With each of these twenty pieces Holmes shows how fluid, playful and unconstrained the many voices of biography can be. The book includes two documentary radio-plays, many different kinds of character sketch and travelogue, true love stories and true ghost stories, and one piece, 'Dr Johnson's First Cat' which may or may not be a piece of true biographical fiction.
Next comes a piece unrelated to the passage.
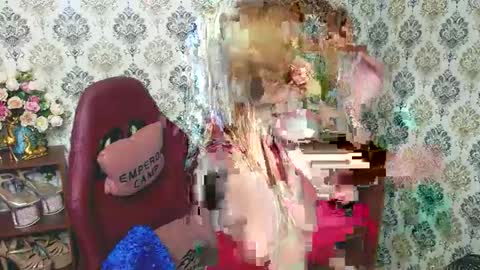 Snapshot of selfsuck_goddexx chatting on December 10, 2024, 7:05 am selfsuck_goddexx online show from December 10, 2024, 7:05 am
'Sidetracks' is a renewed examination of the strange and sometimes shadowy pathways of biography that have always fascinated Holmes.
PUBLISHERS WEEKLY
These "b-sides and rarities" (stories that arrested Holmes's attention while he was investigating his principal subjects) of an eminent literary biographer, most recognized for his two-volume life of Coleridge, present an atypical mixture of autobiography, literary criticism and travel narrative recalling his 1985 Footsteps: Adventures of a Romantic Biographer and spanning more than 30 years of a prolific career. Claiming "to find your subject, you must in some sense lose yourself along the way," Holmes looks back on how the fickle connection between a biographer and his subject comes into existence by examining his own writing. Just as Wallace Stevens incessantly struggled to "catch" his imagination in the very act of imagining, this collection shows that Holmes has always tried to "catch" himself in the very act of writing about someone or something else. Whether writing about the relatively obscure poet Chatterton (a "sidetrack" to Keats) or about figures as well-known as F. Scott and Zelda Fitzgerald (retracing the couple's last trip to Europe together), Holmes approaches biography as a kind of literary game, a puzzle whose pieces he puts together to tell readers why things happened as they did. The result is almost novelistic. A BBC radio play takes readers inside the minds of the poet Shelley and his wife, Mary. Though they lack an overall sense of unity, these pieces undeniably confirm why Holmes has been setting new and challenging standards for how biographers approach their subjects, and they make for glorious reading indeed.